Revenue & Expenses 2 Years After Starting My Web Business: UniversityTutor.com - barmstrong
http://www.startbreakingfree.com/1423/behind-the-scenes-numbers-from-universitytutor-com-revenue-expenses/

======
patio11
I'm broadly supportive of things like this, but have some constructive
criticism.

1) Don't graph dissimilar things on the same graph. If you absolutely must, to
make a point of how they correlate with each other, do not re-use the same
axis. There is no reason Revenue ($) should ever reuse an axis with Contacts
(number of).

2) Don't graph anything you can't get actionable data out of. For example,
revenue per day in a subscription business is going to be dominated by the
anniversary dates for existing accounts.
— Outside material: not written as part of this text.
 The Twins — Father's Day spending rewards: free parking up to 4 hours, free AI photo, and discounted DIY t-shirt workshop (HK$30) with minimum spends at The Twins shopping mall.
Is that useful to know? No, that is
noise. Condense it into revenue per month and then you have a useful top-level
overview of whether your efforts are bearing fruit or not.

3) One line on one graph. At most, two. Anything more turns into a solid wall
of noise. (You may find it occasionally useful to have a solid wall of noise
in presentations to other people. Don't put it on your dashboard! Then you're
only fooling yourself!)

Separate strategic commentary: Mass profusion of subdomains is not a good idea
for SEO purposes. (I assume this happened because it was in fashion two years
ago. This is one of the dangers of chasing the new hotness in SEO
techniques... though I don't remember that one ever being a good idea at less
than black-hat scales.)

I'd put the blog on the same domain and, if not interested in maintaining it,
hire somebody to continue writing content for me. (I need to take my own
advice here, come to think of it, as the BCC-specific blog doesn't get content
updates nearly frequently enough.)

Start A/B testing. (You knew I was going to say that, right?) One obvious
candidate would be adding a featured flag to the subscribing tutors, with the
goal of seeing whether it increased a) contacts to them and b) subscription
rates. (As soon as you have an answer to Question A it becomes a marketing
point: people who pay us $10 a month get 63% more contacts and more than $200
of extra revenue! Dude, its a total no brainer!)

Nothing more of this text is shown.